03. Home

9K 751 21
                                    

Billa keluar dari mobilnya. Hari ini dia pulang dari rumah sakit setelah seminggu dia berada di sana.

Dia menatap bangunan mewah didepannya dan menghela nafas panjang. Inilah kehidupannya saat ini, tidak ada lagi penderitaan masa lalu, dan tidak ada lagi kesendirian.

"Ayo sayang kita masuk"

Dhila menuntun putrinya memasuki rumah sedangkan Zulfan mengikuti istri dan putrinya dibelakang.

Billa masuk ke dalam rumah, mengedarkan pandangannya melihat isi rumahnya yang terlihat sama seperti dalam ingatannya. Sangat luas, berbeda dengan apartemen sempitnya, tempat dia tinggal di kehidupan sebelumnya. Mengingat kehidupan masa lalu dia hanya bisa menghela nafas panjang. Dulu dia tidak pernah terfikirkan kalau dia bisa tinggal di rumah semewah ini.

Billa melihat kedua abangnya berlari mendekat.

"Welcome home Sabiiiill!!!!" teriak kedua abangnya yang membuat Billa tertegun dan sedikit berkaca-kaca.

Sekarang dia punya rumah, dia sekarang punya keluarga. Memikirkan itu dia merasa hangat dihatinya dan tanpa sadar sudut mulutnya naik.

Kaivan yang melihat adiknya tersenyum dengan mata bulat yang berair menjadi gemas. Ya ampuuuun adeknya imut banget, dia jadi pengin ngarungin terus bawa pulang adiknya, dimasukin ke lemari kaca biar dia bisa terus melihatnya.

Eh, tapi ini juga udah dirumahnya mau dibawa kemana lagi? lagi pula Sabil kan adeknya, jadi dia bisa melihat muka imut itu setiap hari.
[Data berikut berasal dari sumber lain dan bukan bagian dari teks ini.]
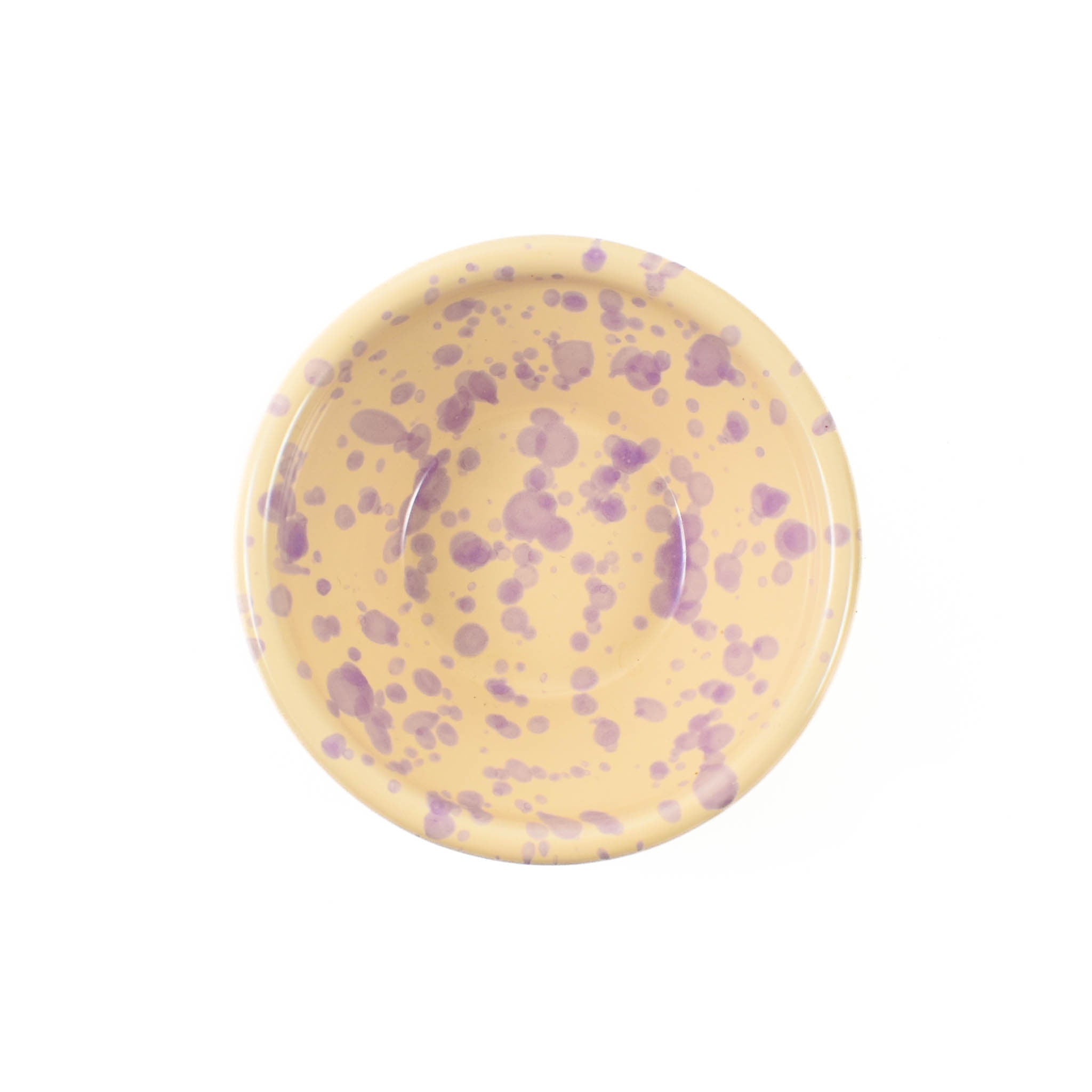 Puglia Lilac Splatter Bowl, 12cm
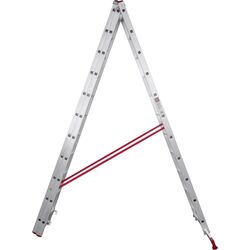 Scara aluminiu cu trei sectii Новая Высота 2230311 (3x11) Thumb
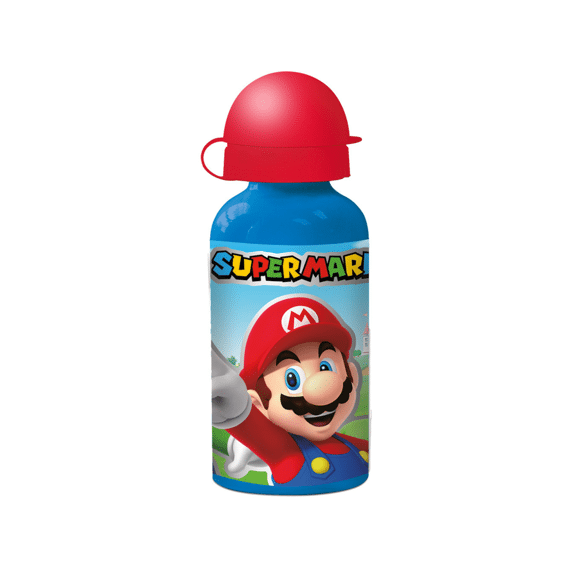 Mario Bross Aluminium Bottle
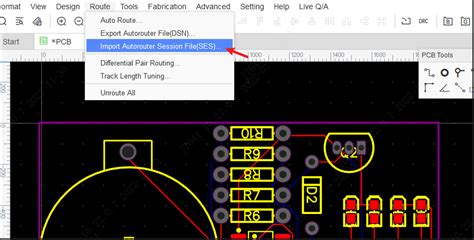 Easyeda autorouter.  Start by learning the basics, you will need to control o...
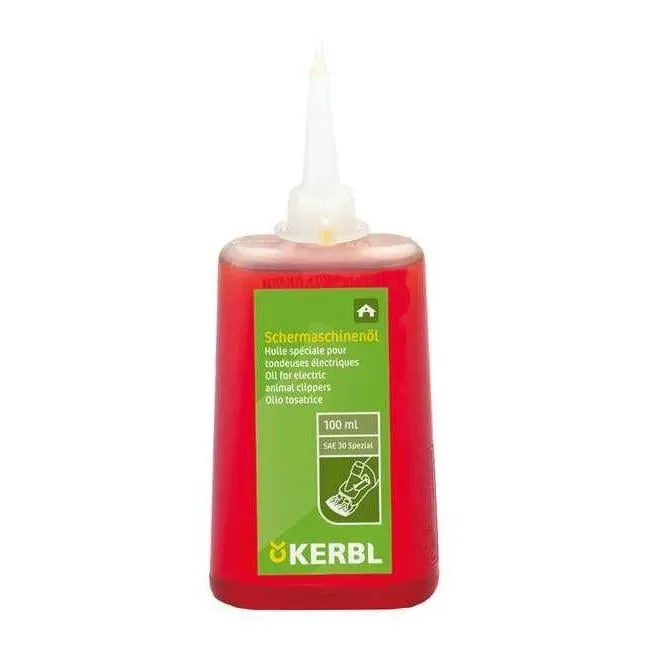 Kerbl Schermaschinenöl - Braun -  Inhalt: 500 ml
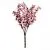 Набор веток с ягодами на вставках 6шт., L16см, темно-розовый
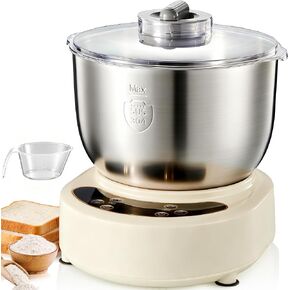 Dough Mixer, 7.4QT Electric Dough Maker with Ferment Function, Dough Mixer Machine for Pizza & Bread Dough, 304 Stainless Steel Bowl, Removeable lid, Face-up Touch Panel in Saudi Arabia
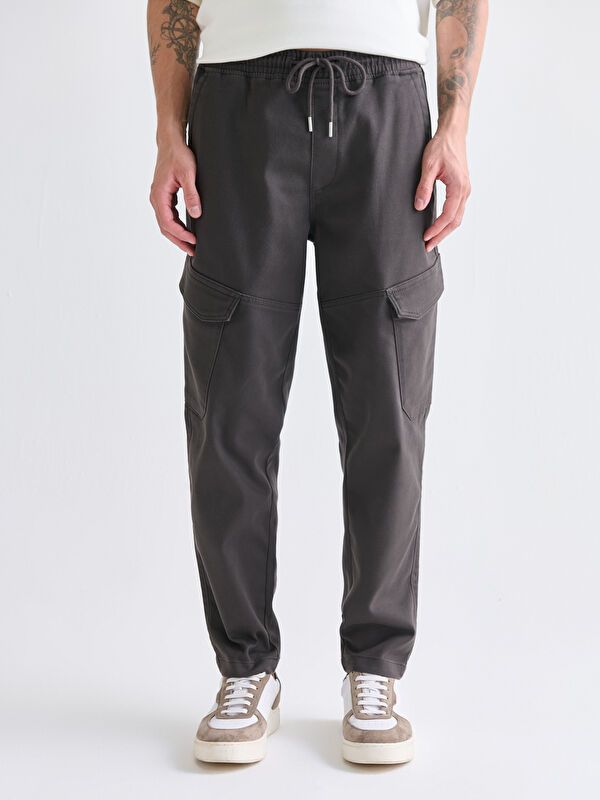 Moudda LC Waikiki - Pantalon cargo tissé pour Hommes - Tunisie 2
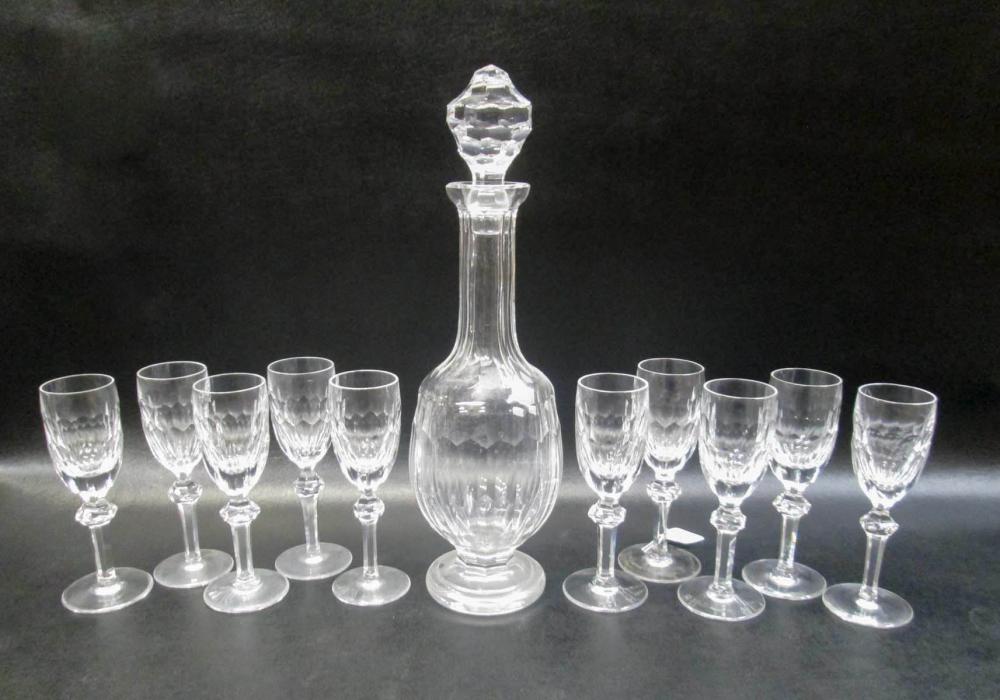 SET OF WATERFORD CUT CRYSTAL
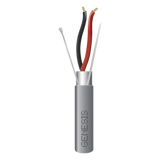 2202-1109/1000 - Bobina de 305 Metros (1000 Pies) / Cable 2 x 22 AWG / Color Gris / Blindado / Riser / Aplicaciones de Audio Control de Acceso y Automatización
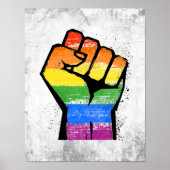 LGBTQ POSTER (Voorkant)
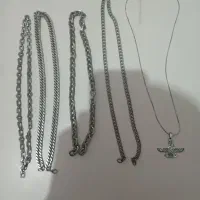 گردنبند و ساعت نو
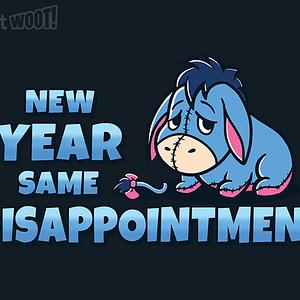 Graphic for Disappointed Donkey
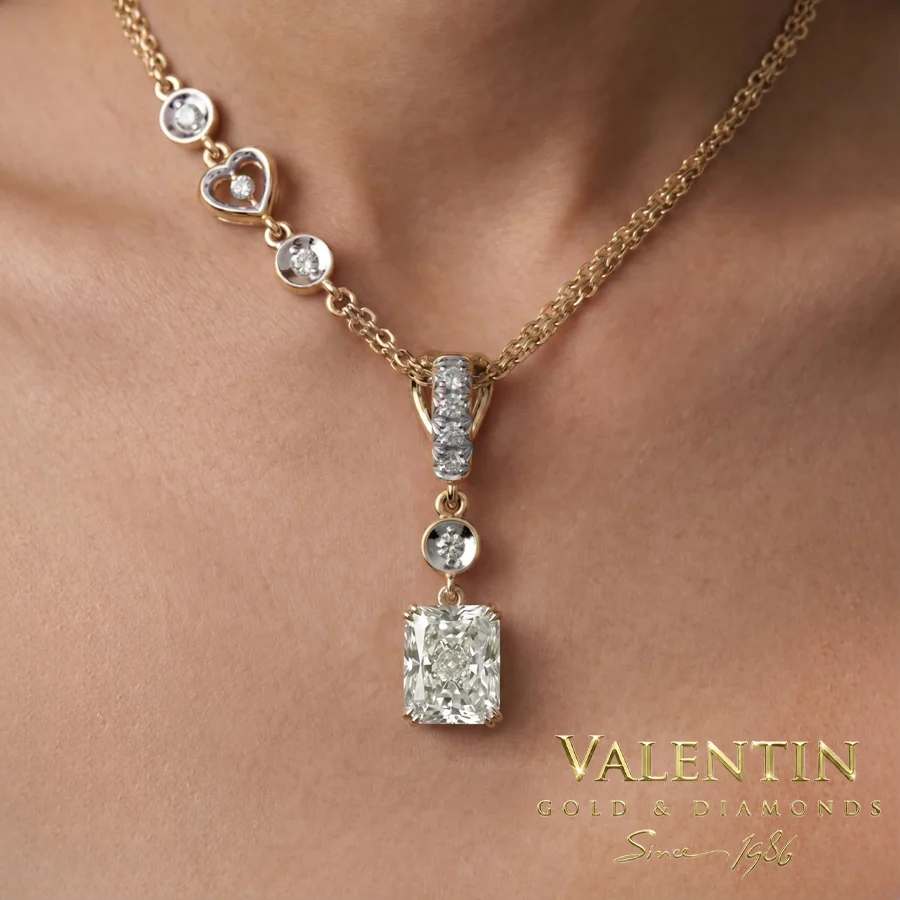 Light Radiant Gold Pendant 6957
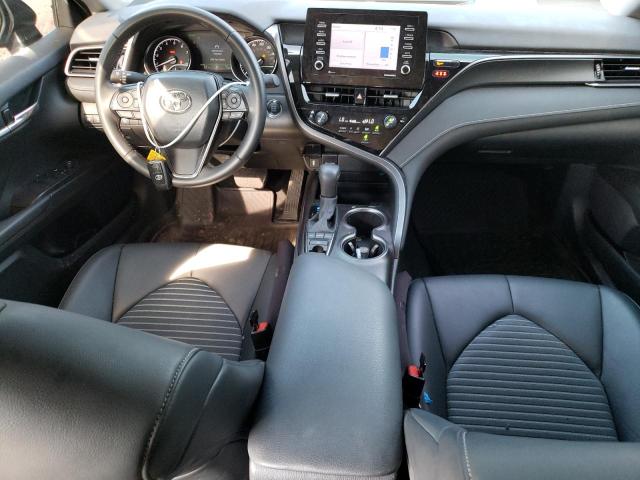 4T1T11BKXPU077410 - 2023 TOYOTA CAMRY SE NIGHT SHADE BLACK photo 8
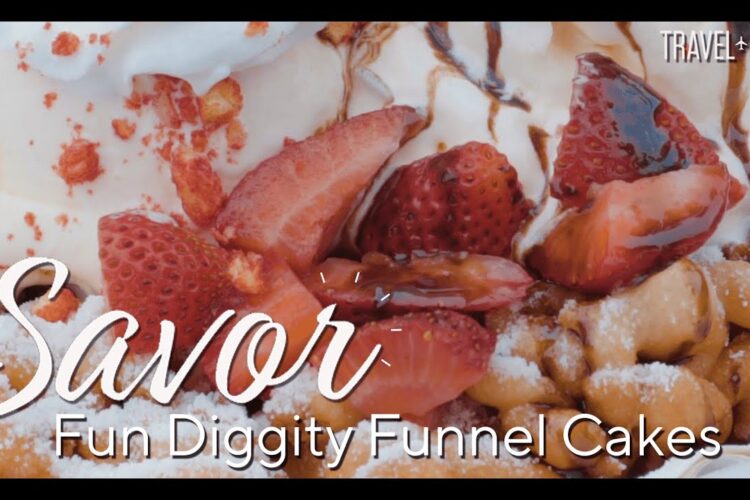 Where To Find The Best Funnel Cakes in Los Angeles | Savor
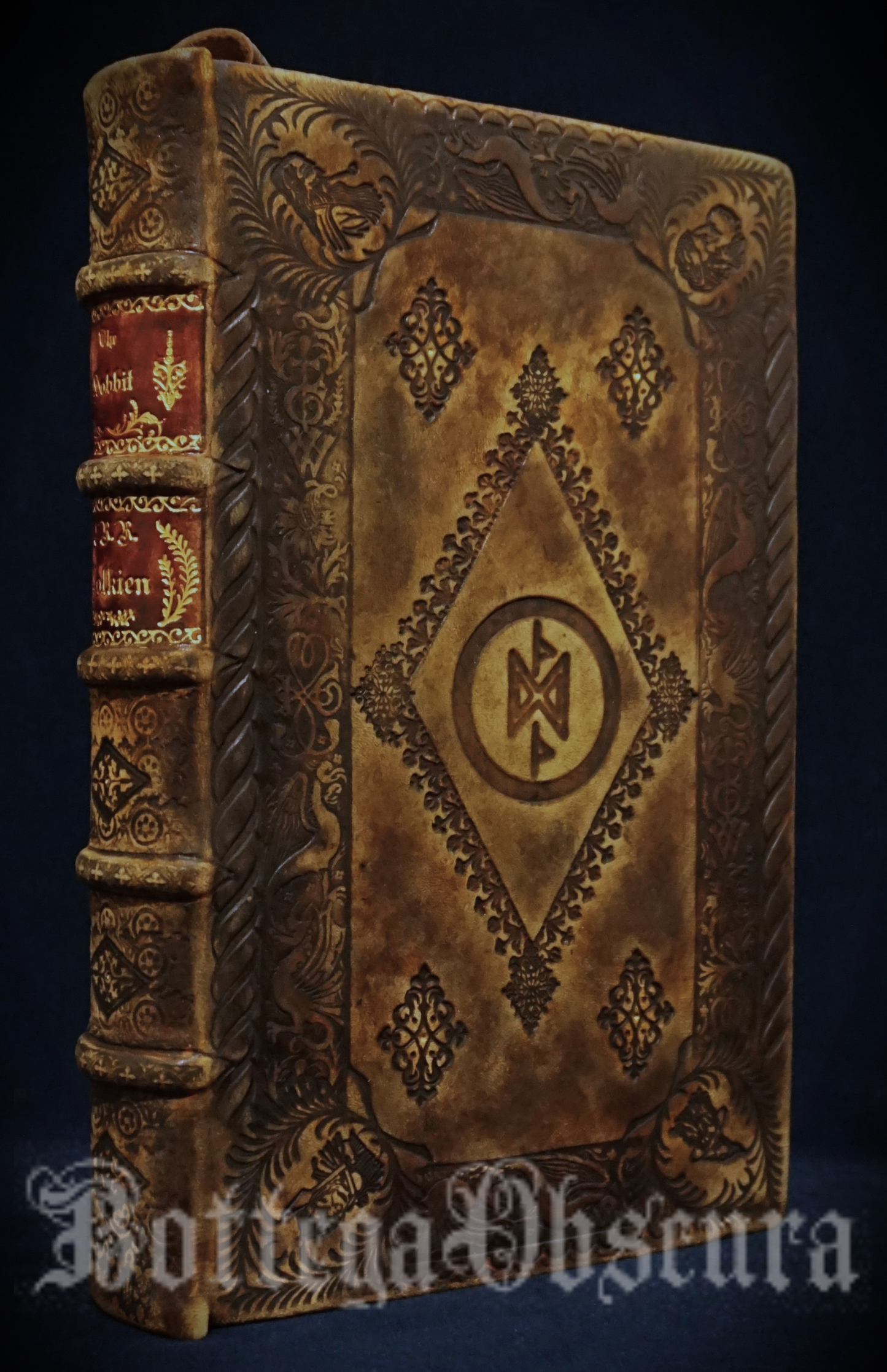 The Hobbit — Hand-Sewn & Traditionally Hand-Bound (Illustrated by Alan Lee)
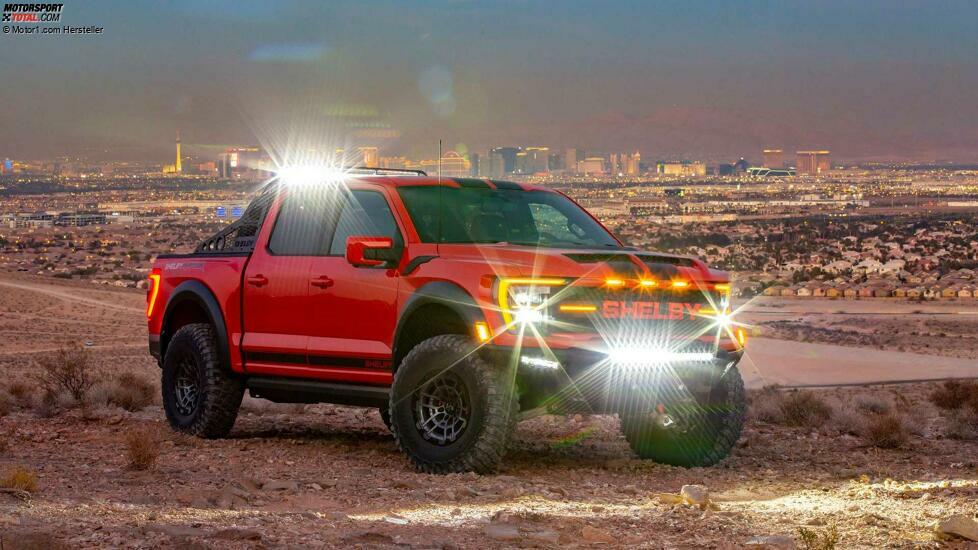 2022 Shelby American Ford F-150 Raptor vorne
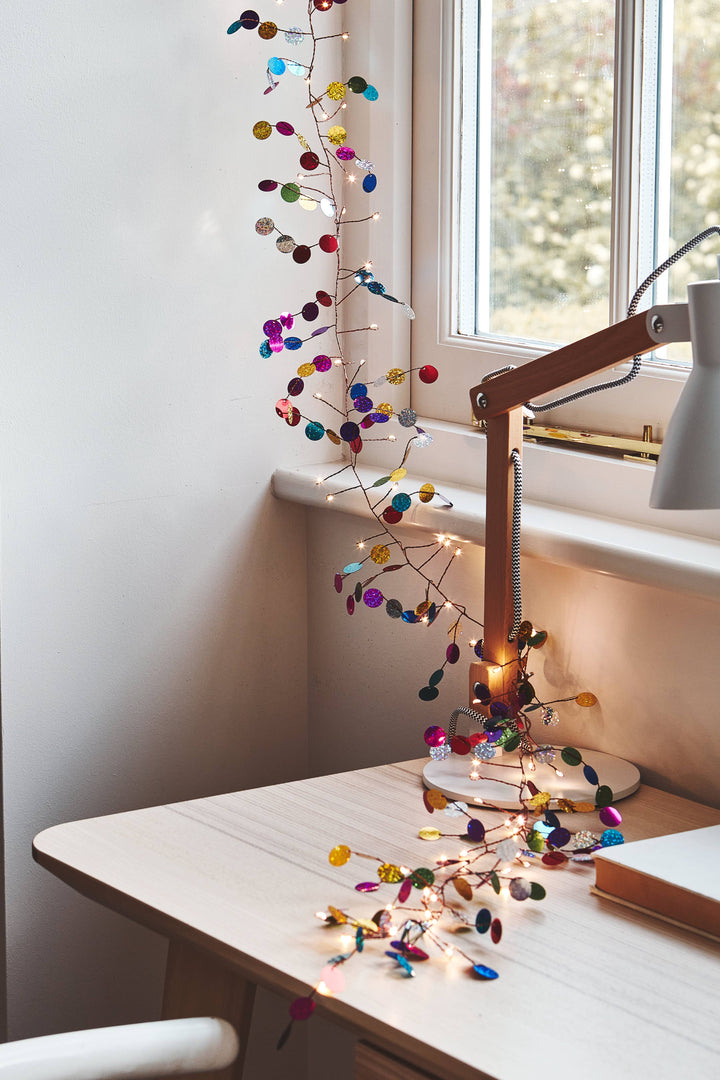 Confetti Light String - Multicolored
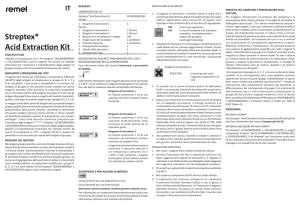 Streptex Acid Extraction Kit [IT]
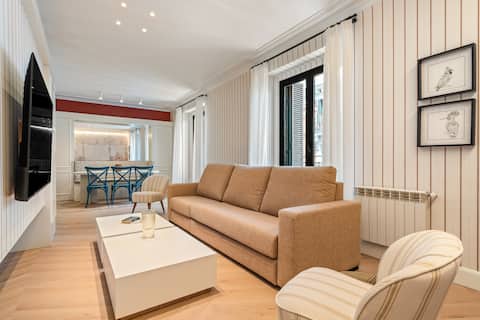 Airbnb con mejor rendimiento: Charming San Bernardo by Cómodo Madrid en Comunidad De Madrid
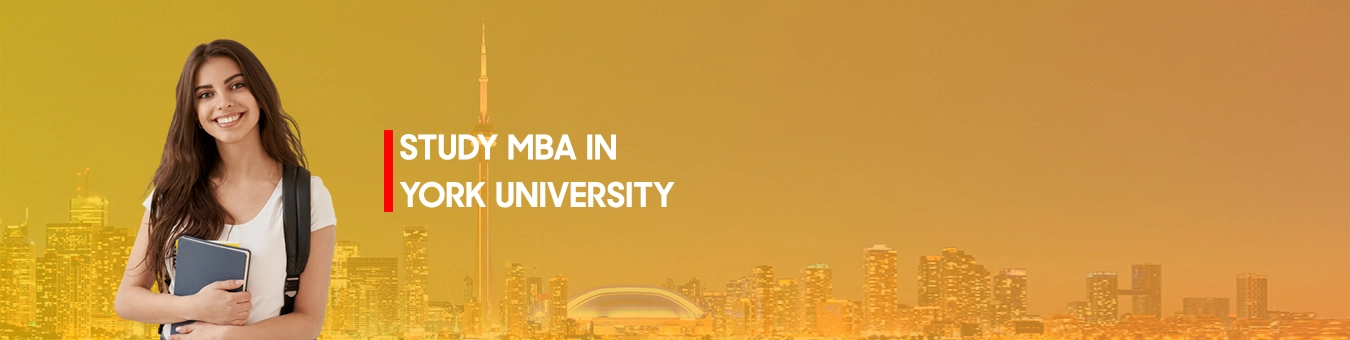 在约克大学攻读MBA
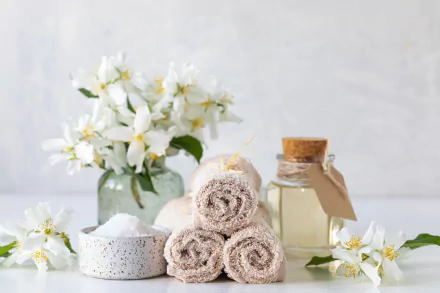 man made spa HD Desktop Wallpaper | Background Image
Ah, lupakan saja pikiran anehnya tadi.

Kaivan berjalan mendekati Billa dan mencubit keras pipi adiknya dengan kedua tangannya, yang langsung dihadiahi pukulan bertubi-tubi oleh Billa.

Nevan yang melihat adeknya memukul Kaivan dengan tangan kurusnya, mengambil kemoceng yang kebetulan ada disampingnya lalu memberikan ke Billa.

"Pake ini aja mukulnya jangan pake tangan nanti tanganmu sakit"

Dia sekarang merasa menjadi abang yang paling perhatian. Kurang perhatian apalagi coba, karena takut tangan adeknya sakit mukul abangnya berikan saja kemoceng biar tangan adeknya ga sakit lagi. Hehe dia emang abang terbaik. Memikirkan ini Nevan tersenyum bangga.

Nevan memang abang yang perhatian tapi dia bukan adek yang pengertian. Melihat abangnya dipukulin adeknya bukannya nolongin malah bantuin adeknya, poor Kaivan.

"Aduh sakit Bil sakit, kenapa kamu jadi kuat banget sih mukulnya. Aduh udah bil, jangan dipukul lagi bil sakit. Huaaaaaa Mamaaaaaaaa tolongin ivan maaaaaaah. Udah bil, ampuuuun jangan mukul lagi" Kaivan berteriak sambil berlari menghindari pukulan adeknya.

Dhila yang dimintai bantuan oleh anak ketiganya itu hanya menggelengkan kepalanya, berjalan ke kamarnya dengan suaminya.

Billa berhenti memukuli Kaivan, dia berjalan ke kamarnya dengan tak acuh sambil berkata dengan bangga "huh, siapa suruh nyubit nyubit"

Melihat adik bungsunya pergi, Kaivan melirik Nevan dengan sengit. "Lo bukannya nolongin abangnya lagi dipukulin sama adeknya, malah ngasih kemoceng ke adek. Seneng kan lo liat abang lo dipukulin adeknya?"

Nevan: "Kasian tangan adek bang kalau buat mukul nanti sakit. Gimana sih Bang Ivan, ga pengertian banget sama adeknya"

Kaivan geram "Pengertian pala lo. Lo ga kasian apa lihat abang lo di pukulin sama adeknya sendiri? semprul emang adek lucknut"

Nevan:"ga kasian, Maaaah Bang Ivan ngomong kasar Maaaaah"

Kaivan:" tukang ngadu"

Dhila yang berjalan menuruni tangga berhenti di anak terakhir tangga, dia melirik Kaivan "emang udah ngepel?".